El triunfo de Jesucristo es el triunfo mismo de la Iglesia. ¿Qué sentirá su corazón de madre cuando vea seguros a todos sus hijos, a todos los predestinados, a todos los llamados, que, por haber permanecido fieles, han sido por fin glorificados?… Orgullosa por estos sus hijos, estallará en cantos de júbilo, de liberación, de dicha triunfante…

     Porque se habrá consumado toda su obra. Se habrá completado el número de los elegidos. Se habrá conseguido la perfección de todos los santos. Y ella, la Iglesia, purificada de toda mancha en todos sus miembros, aparecerá radiante de hermosura ante Jesucristo su Esposo, que la va a presentar con orgullo ante el Padre.
A la Iglesia le pasará aquel día lo que ha ocurrido a grandes hombres de la historia, casos que se han hecho famosos y que aprendimos desde niños.
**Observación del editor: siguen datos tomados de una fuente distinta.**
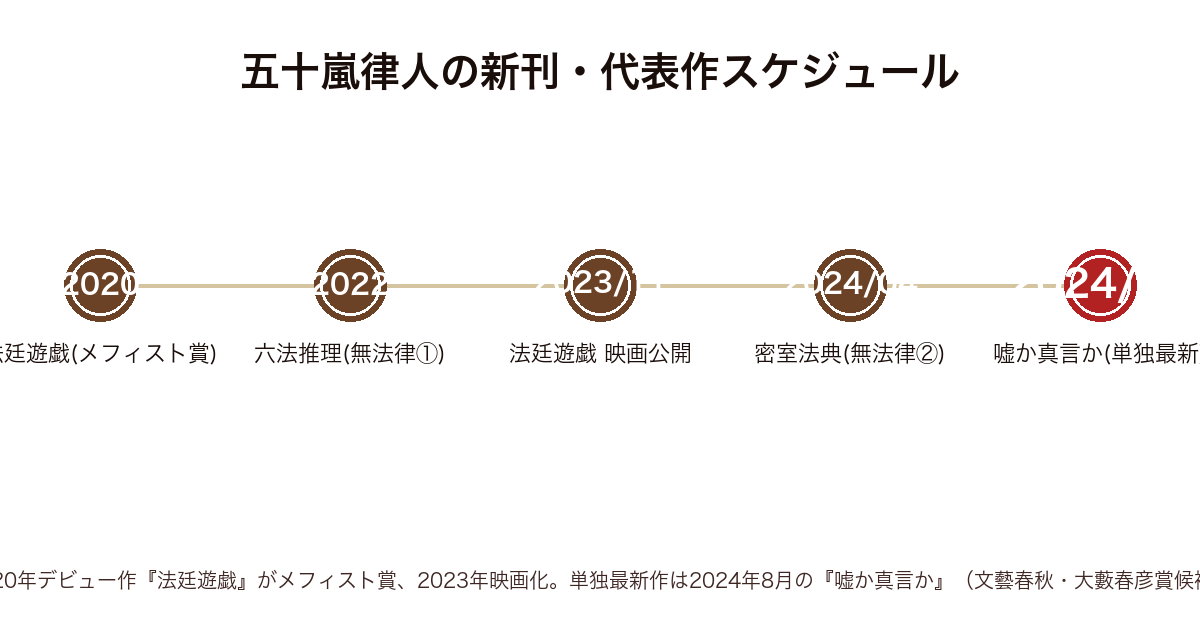 五十嵐律人の新刊・代表作の発表年表（2020年法廷遊戯〜2022年六法推理〜2023年映画化〜2024年密室法典・嘘か真言かまで）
El general griego, que emprende la marcha con sus soldados hacia el Mar Negro, y, cuando lo tienen a la vista, ve cómo de todo su ejército se alza un grito imponente: ¡El mar! ¡El mar!… (Jenofonte)
Los guerreros de Aníbal, que atraviesan los Alpes, y cuando contemplan la tierra que quieren arrancar a los Romanos, lanzan un grito salvaje: ¡Italia! ¡Italia!…
En la expedición de Colón, al divisar en aquel amanecer las soñadas costas americanas, arrancan a Triana el grito célebre de ¡Tierra! ¡Tierra!…

Aplicado a nuestra fe, todo esto no son sueños de poeta arrebatado. Esto es lo que podrá decir, y dirá la Iglesia, al ver conseguida la meta a la que se habrá dirigido durante milenios: ¡Por fin, todo se ha conseguido! Ahora, ¡en la casa del Padre!, con Dios que será todo en todas las cosas…

El Apocalipsis pone en labios de Jesucristo estas palabras creadoras: “¡He aquí que renuevo todas las cosas!” (Ap. 21,1). Jesucristo hace un mundo nuevo y una tierra nueva. Desaparece un mundo viejo, y sobre las ruinas surge uno nuevo y definitivo.
El mundo antiguo ha perecido en el gran cataclismo, porque ha sido expiado, ha sido purificado, ha sido aniquilado todo elemento que se oponía a la santidad y al Reino de Dios. El pecado ya no existe más.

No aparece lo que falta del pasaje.